The country's leaders established anti-trust laws back in the late 1800s to make sure the United States maintained a free, competitive market and to ensure that a group of people does not necessarily hold a monopoly on an industry. Or as Nashville-based Bradley Law Firm attorney and anti-trust specialist Chris Puri told the Jackson Free Press, "When you have (active) market participants, there's a natural tendency for them to have bias against competitive decisions (that) will disadvantage them."
States now have the responsibility to ensure that boards do not go too far in their regulations. The Supreme Court said that "states may provide active supervision" of boards, spurring national conversation about what could and should happen.
Limiting Job Growth
House Bill 1425 creates a commission of the governor, secretary of state and the attorney general who will meet quarterly to review changes to state policies of 26 occupational licensing boards. Wilson said the commission will have the power to veto any new rules, as the U.S. Supreme Court opinion suggested.
The governor already appoints members to most of the state's occupational licensing boards, and in most cases, state law requires the governor to appoint professionals with a lot of experience in their fields. For example, the Board of Psychology has seven members, six of whom must be licensed psychologists in Mississippi.
Lawmakers opposed to the new law asked why another layer of bureaucracy is necessary, and more importantly, why the governor, secretary of state and attorney general are needed to oversee boards regulating industries from architecture to funeral services.
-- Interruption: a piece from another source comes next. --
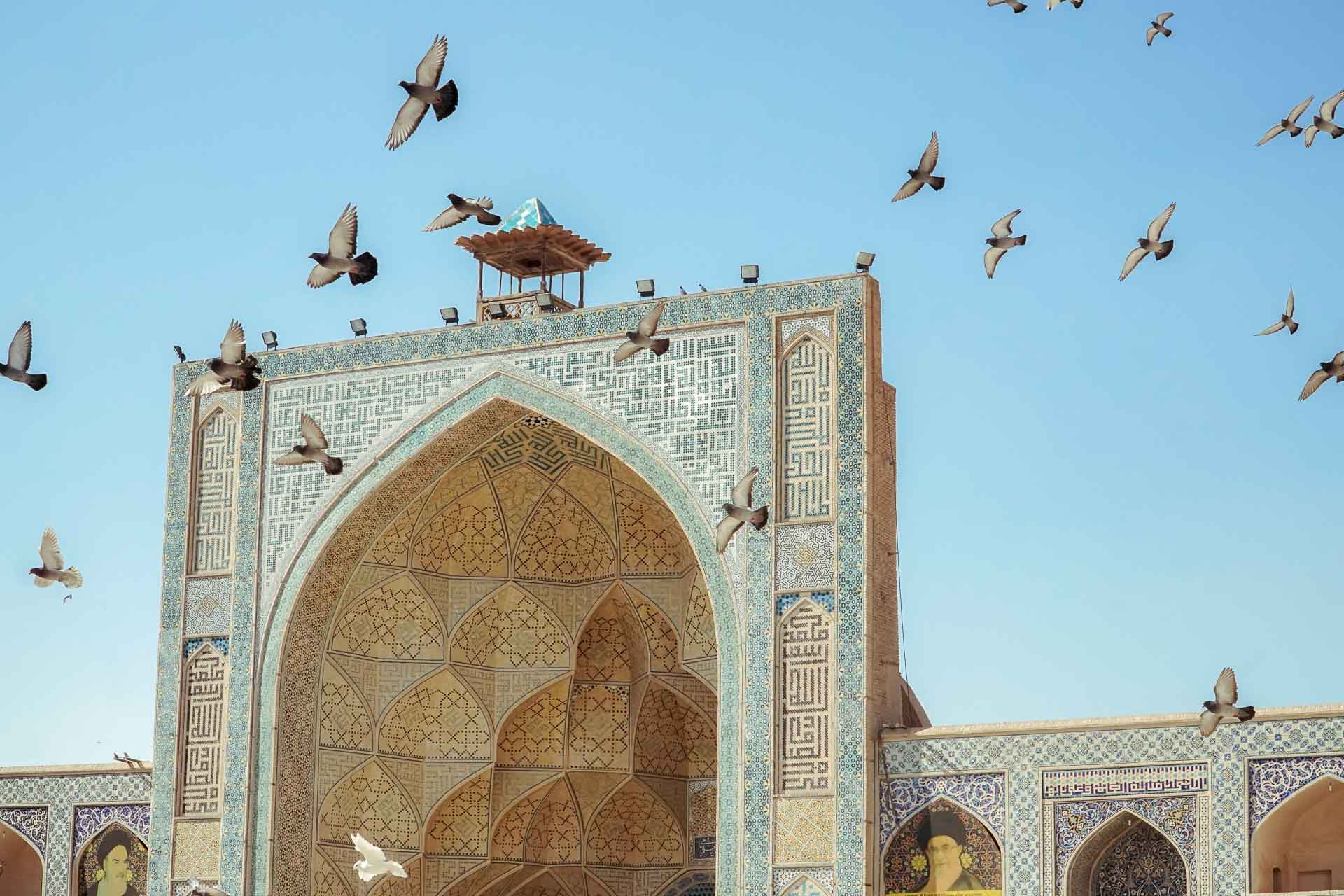 Many birds flying in front of the mosque in Iran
"I guess the question would be if there's going to be a second layer of rule-making, do those people know anything about the profession that they're regulating?" Blount told the Jackson Free Press.
AFP supported the bill from its conception. Russell Latino, Mississippi's AFP director, said his group is supportive of limiting occupational licensing, especially when those rules place hurdles in the way of a person's ability to get a job. House Bill 1425, Latino argues, is something a bipartisan coalition could get behind: a check-and-balances approach to state regulations.
Latino points to a framework study that the Obama administration released in 2015, which found that more than a quarter of American workers have to get a license to do their jobs, and that while "licensing helps to ensure high-quality services (and) safeguard against serious harms ... licensing can reduce total employment in the licensed professions."
AFP is not responsible for the bill's language, Latino said. But when asked about the lobbyist's client report from 2016 that shows the group spent a little over $500 on meals and receptions for lawmakers that year, he admitted that the group did try to influence the lawmakers.